We don’t have to prove how it works. Christianity is a revealed religion, not a derived religion. That means we think we know this because it has been revealed, not because we figured it out. In that case, so long as the view isn’t incoherent, and the revelation source is trustworthy, then you are warranted to believe something even if you can’t prove, or even explain it.
Faith is the right ground to credit righteousness because it is the first step in being reoriented toward reality and what is good and just, which is embodies in God. Without faith in the true God, then no set of works can rightly orient a person towards reality- moral or otherwise. Without that reality reorienting faith, righteousness is implicitly refused. With faith, by accepting God’s righteousness, God opens us to be credited righteousness and as a vessel in which to develop that righteousness through faith.
That’s not the point of this doctrine. The dynamic of promise-faith as the dynamic through which we are made right with God is not what MAKES it work. It works because of other supporting and related truths- imputation, union with Christ and others.
How does it work? 2 options:
Use of debt metaphor. When people think of having righteousness credited to a criminal, they often struggle with the idea of a substitute sacrifice. Why is a criminal righteous because an innocent person took their punishment? But it depends on what metaphor of justice you use- criminal or civil. In civil cases, all crimes can be reduced to property and debt since all crime takes something from the person and the community. Justice requires the restoration of what was damaged or destroyed. That debt has to be paid by some kind of restitution. Sin is commonly treated as a kind of moral debt which is paid by Christ’s sacrifice.
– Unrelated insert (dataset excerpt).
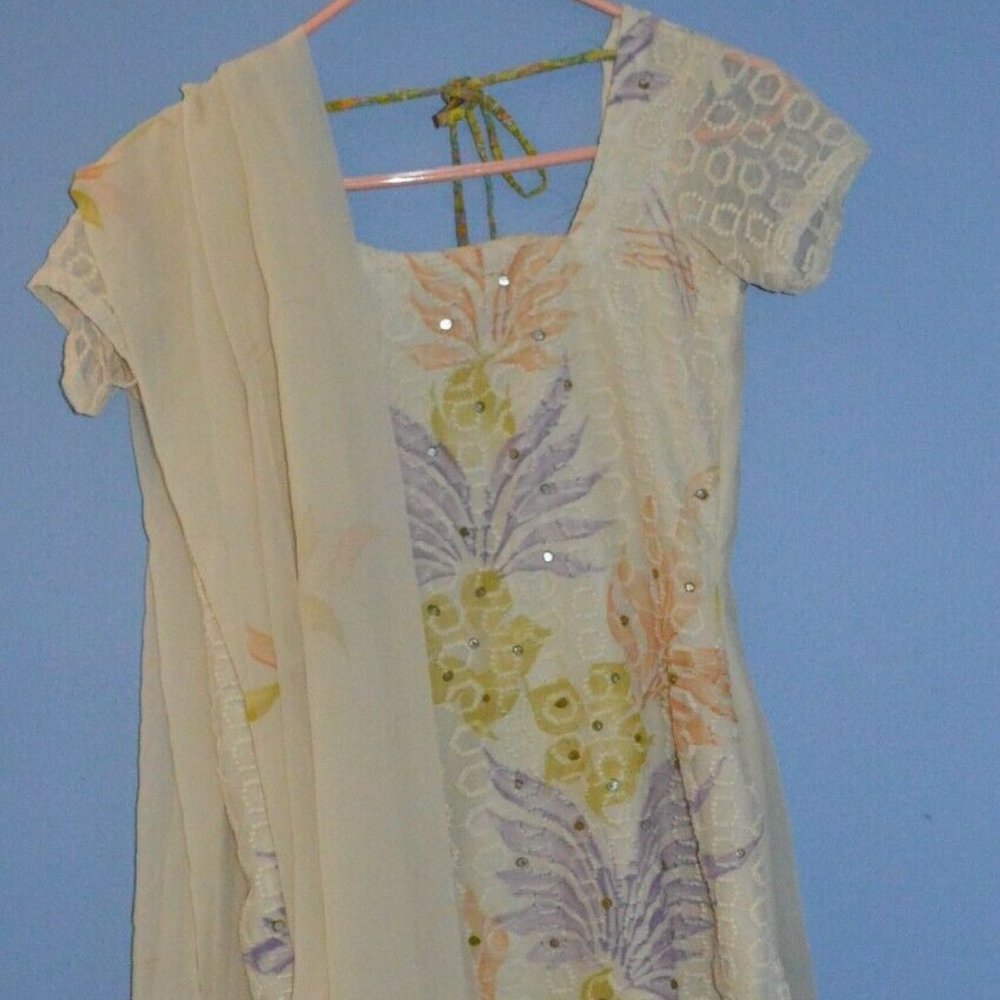 *** PASTEL LACE SALWAR KAMEEZ EMBRIODERY SIZE S - M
Union with Christ. Another way to think about it is that through faith God offers union with himself, namely in the person of Christ. The union of Christ with a believer goes all the way down to being and identity, and the one becomes part with the other- though the metaphysics of that is never explained in detail. This means that the moral status of both are shared. This means that the believing human truly shares in the righteousness of Christ, and is counted righteous “in Him”.
It’s important not to pretend we know more than we do. And it is also important to make clear when we are speculating and when we are explaining something scripture clearly tells us.